Table 4. Association results between 14 traits and their corresponding top SNPs, where top SNPs were selected based on multi-study meta-analyses, and z-statistics for Average and SHAVE are based on three visits and results of SardiNIA GWAS.
TRAIT | SNP | z1 | z2 | zAVG | zSHAVE | Visit 1 | Visit 2 | Average | SHAVE |
---|---|---|---|---|---|---|---|---|---|
Bilirubin | rs887829 | 27.33 | 27.37 | 31.44 | 31.59 | 4 | 3 | 2 | 1 |
Cholesterol | rs646776* | −4.76 | −4.20 | −4.68 | −4.76 | 1 | 4 | 3 | 2 |
γ-GT | rs7310409 | −6.29 | −6.52 | −6.53 | −6.69 | 4 | 3 | 2 | 1 |
Glycemia | rs10830963 | 6.32 | 6.34 | 7.38 | 7.50 | 4 | 3 | 2 | 1 |
HDL | rs247617 | 8.45 | 8.93 | 10.10 | 10.19 | 4 | 3 | 2 | 1 |
Height | rs724016 | 5.02 | 4.25 | 5.26 | 5.24 | 3 | 4 | 1 | 2 |
LDL | rs646776* | −5.39 | −5.14 | −5.69 | −5.76 | 3 | 4 | 2 | 1 |
PR-interval | rs6800541 | 6.56 | 5.92 | 7.10 | 7.11 | 3 | 4 | 2 | 1 |
QT-interval | rs7550692* | 5.89 | 4.36 | 6.66 | 6.55 | 3 | 4 | 1 | 2 |
RBC | rs4910742 | 23.39 | 22.19 | 24.16 | 24.26 | 3 | 4 | 2 | 1 |
Serum iron | rs4820268 | 8.77 | 7.52 | 10.43 | 10.66 | 3 | 4 | 2 | 1 |
Transferrin | rs4854761* | 9.58 | 13.04 | 14.96 | 15.40 | 4 | 3 | 2 | 1 |
Triglycerides | rs1260326 | 5.12 | 4.75 | 5.92 | 5.95 | 3 | 4 | 2 | 1 |
Uric acid | rs9998811* | −11.58 | −12.44 | −13.61 | −13.87 | 4 | 3 | 2 | 1 |
Average rank | 3.29 | 3.57 | 1.93 | 1.21 |
The z-statistics are shown in order for visit 1 (z1), visit 2 (z2), Average (zAVG) and SHAVE (zSHAVE). In the next four columns their corresponding ranks within each trait are shown, where 1 is assigned to the most significant and 4 to the least. On the last row, we have the averages of the ranks for each metric. *The original SNPs (which were replaced by proxy SNPs from the Metabochip) are: cholesterol (total) rs629301 (R2=1.00), LDL rs629301 (R2=1.00), QT-interval rs2880058(R2=0.92), transferrin rs3811647(R2=0.96) and uric acid rs734553(R2=0.80).

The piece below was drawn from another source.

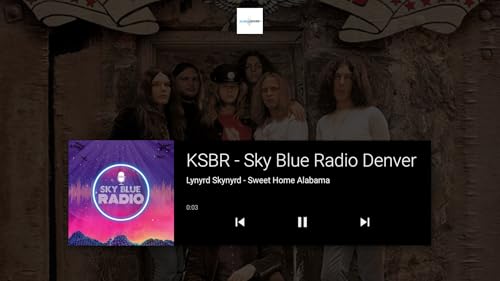 Sky Blue Radio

SardiNIA dataset – performance by LOD ratios using top Meta-analysis SNPs
We performed two types of LOD ratios for every trait, the first between Average and single visit, the second between SHAVE and Average. To compare signals between Average and single visits, we selected a subset of individuals who had both visits 1 and 2 and compared their signals. We first obtained the z-statistics of the Average (zAVG) and the z-statistics corresponding to visits 1 and 2 (z1 and z2). Next, we obtained the LOD ratio between Average (represented by the square of zAVG) and a single visit (represented by the square of (z1+z2)/2). Observed LOD ratios were all above one, indicating an increase in power using the Average vs a single visit (Figure 2). We note that traits with lowest correlation between visits had the highest LOD ratios, and in the three traits with lowest correlation, transferrin, serum iron and QT-interval, LOD ratios were above 1.5. Similarly, traits with high correlation between visits, such as RBC and height, had LOD score ratios close to one. In general, expected and observed LOD ratios were quite similar, suggesting that our observations match the expectations of the model.

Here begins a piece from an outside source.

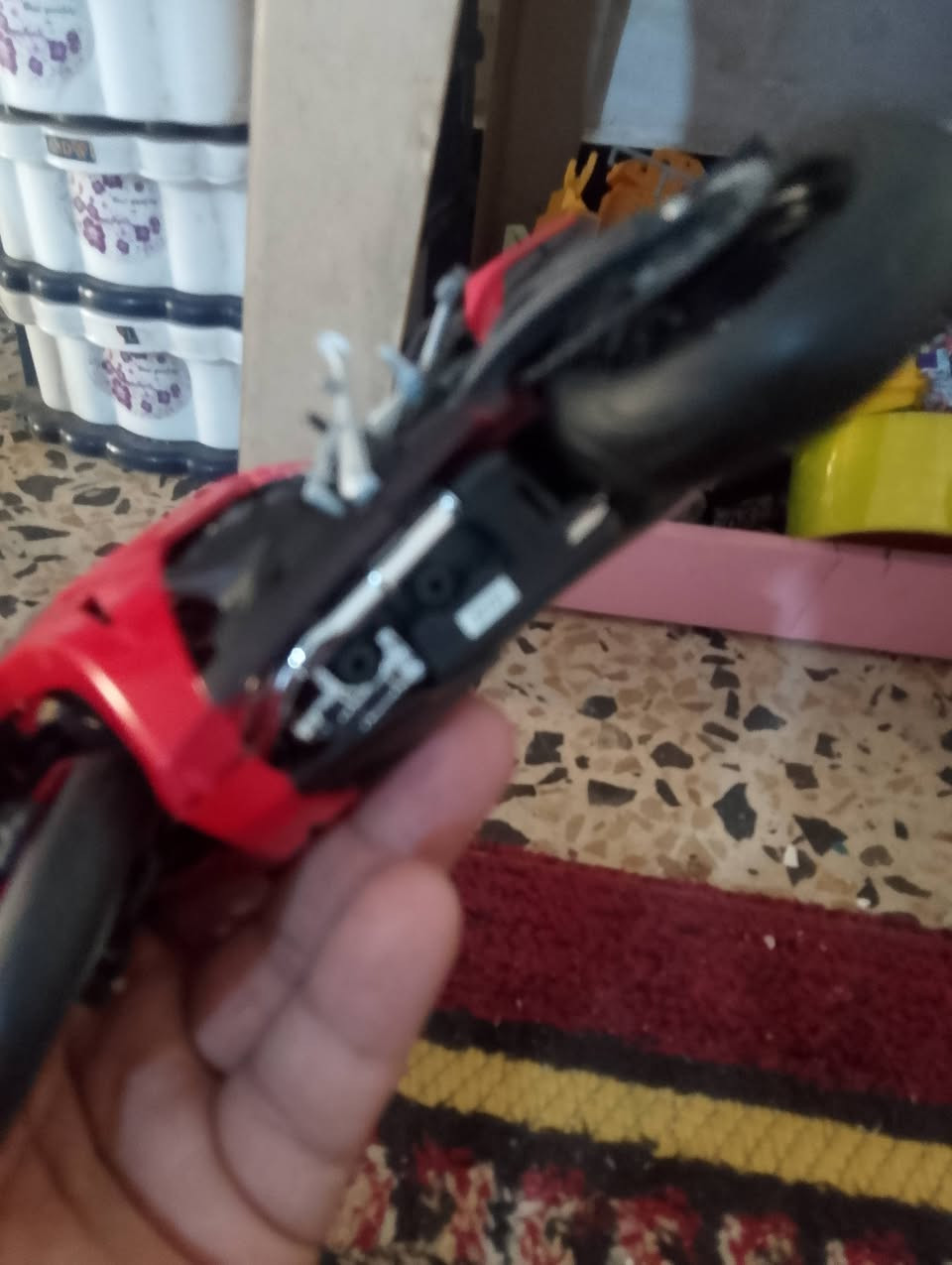 ،دراجه بطح هوندا للبيع


**إذا كنت صاحب هذا الإعلان وتريد حذفه لأي سبب، رجاءا أرسل رسالة إلى الدعم الفني**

To compare LOD ratios between SHAVE and Average, we generated a subset of the SardiNIA dataset in which all individuals had visit 1, and then, for the same individuals, we randomly selected 50% of them and included their second visits (setting the remaining visit 2 cases as ‘missing values'). The main reason to look at this subset was that differences between SHAVE and Average are only appreciable in unbalanced datasets. Although the observed LOD ratios between SHAVE vs Average were modest when compared with Average vs single visit, the ratios were all greater than one, indicating a consistent increase in power of SHAVE relative to Average (Figure 3). Also, with the exception of transferrin, observed and expected LOD ratios were similar.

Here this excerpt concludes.